By Wes Goodman
Sept. 2 (Bloomberg) -- The two-month gain in Treasuries has pushed yields down to levels investors in Asia may find unattractive, Mitsubishi UFJ Trust & Banking Corp. said, citing trading patterns.
Ten-year Treasuries yield 2.08 percentage points more than same-maturity securities in Japan, narrowing from this year’s high of 2.41 percentage points set last month. The spread has shrunk to the 500-day moving average and will be at the 100-day moving average should it narrow another four basis points, or 0.04 percentage point.
“U.S. Treasuries are less attractive,” said Takashi Yamamoto, chief trader in Singapore at Mitsubishi UFJ Trust & Banking, part of Japan’s biggest bank. “Yields are too low.”
Benchmark 10-year notes yielded 3.36 percent in the U.S. and 1.28 percent in Japan as of yesterday.
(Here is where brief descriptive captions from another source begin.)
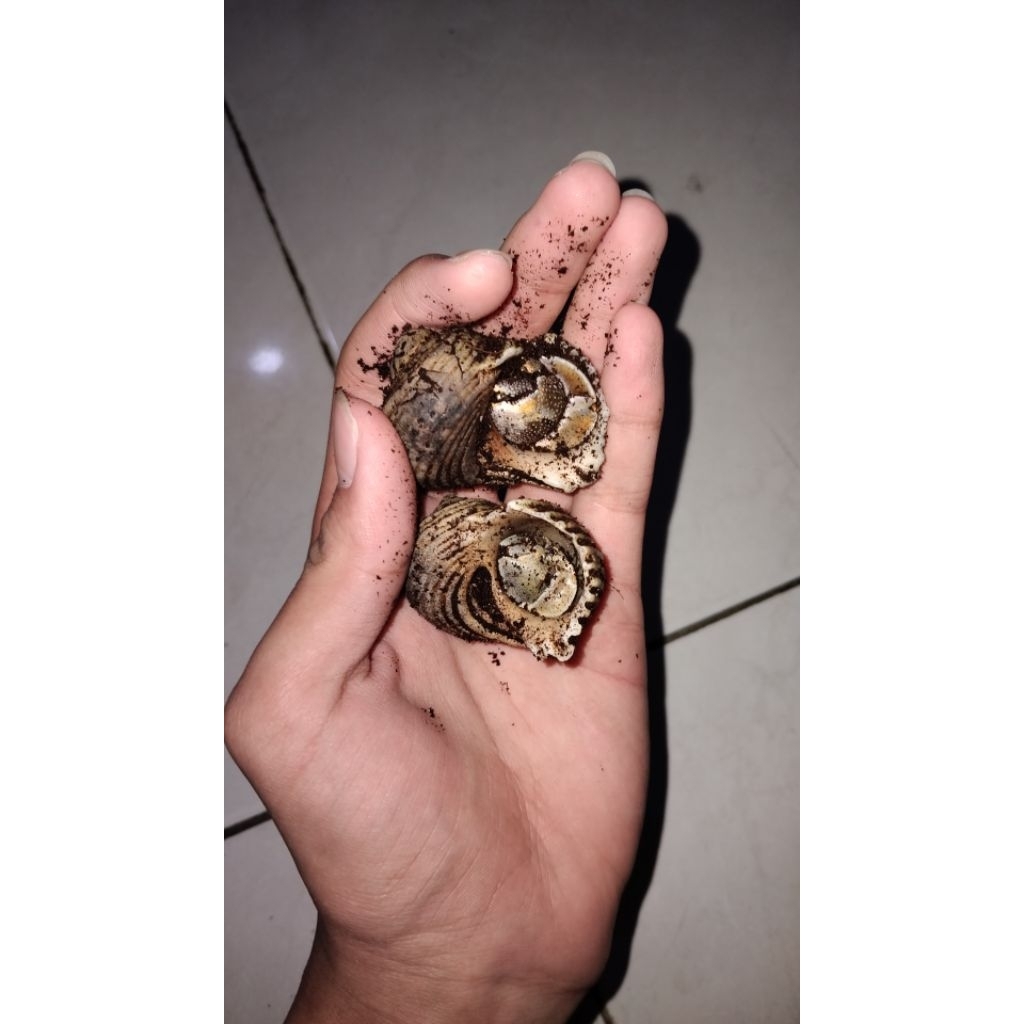 edukasi kelomang rugosus size M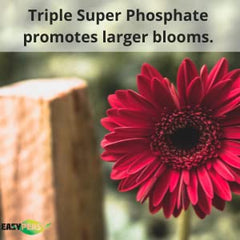 Application of Easy Peasy fertilizer on garden plants
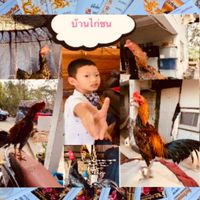 บ้านไก่ชน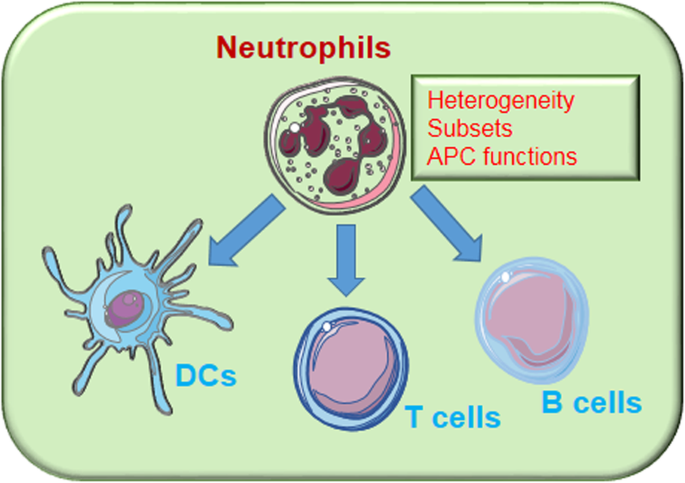 The regulatory roles of neutrophils in adaptive immunity | Cell Communication and Signaling | Full Text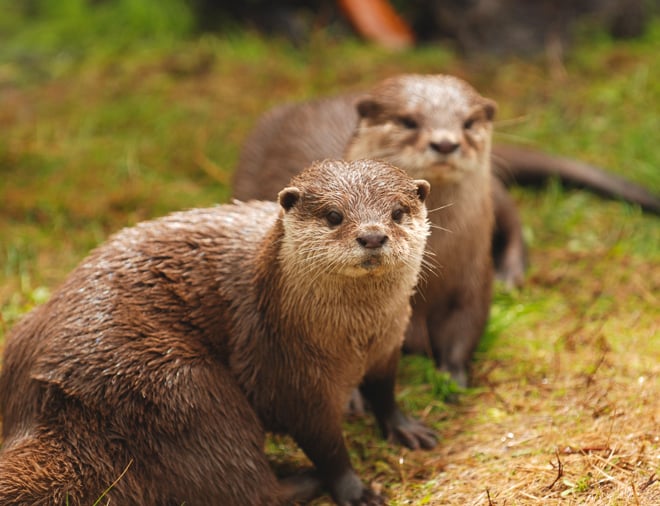 Two otters stand together on grass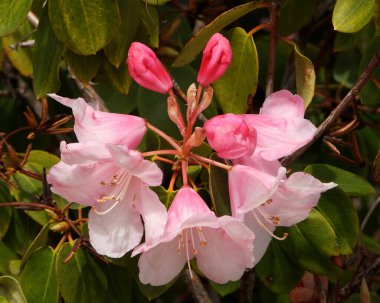Rhododendron 'un Dandy Man Renk Çarkı
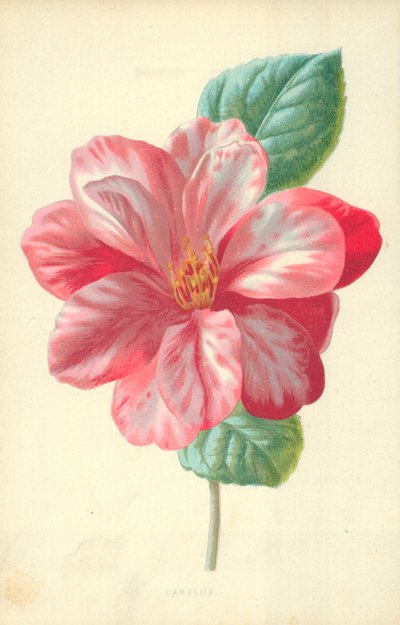 Camellia autorstwa Frederick Edward Hulme
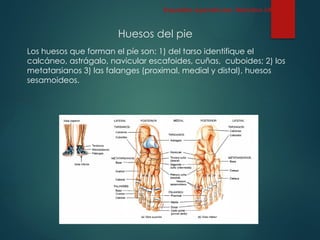 Huesos del pie
Los huesos que forman el píe son: 1) del tarso identifique el
calcáneo, astrágalo, navicular escafoides, cuñas, cuboides; 2) los
metatarsianos 3) las falanges (proximal, medial y distal), huesos
sesamoideos.
Esqueleto Apendicular: Miembro inferior
 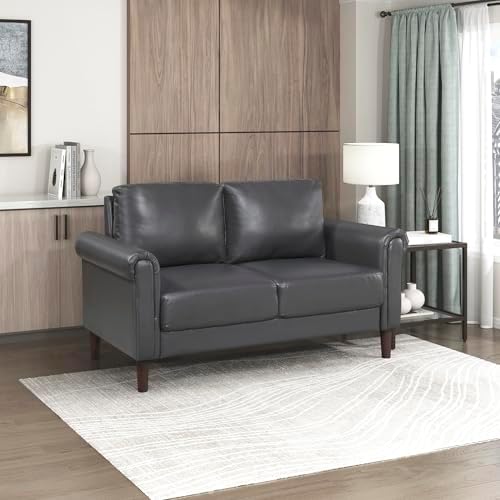 Lexicon Faux Leather Loveseat, 2 Seater Couch, Dark Gray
Those figures will rise to 4 percent and 1.6 percent by year-end, widening the spread to 2.4 percentage points, Yamamoto said.
The last time the rate gap was below the 100-day average was on April 15 when it was 1.33 percentage points. The spread then widened over a six-week period.
Japan is the second-largest foreign holder of U.S. government securities after China, according to the Treasury Department. The two Asian nations hold a combined $1.49 trillion of the $6.78 trillion in marketable U.S. debt.
In technical analysis, investors and analysts study charts of trading patterns and prices to predict changes in a security, commodity, currency or index.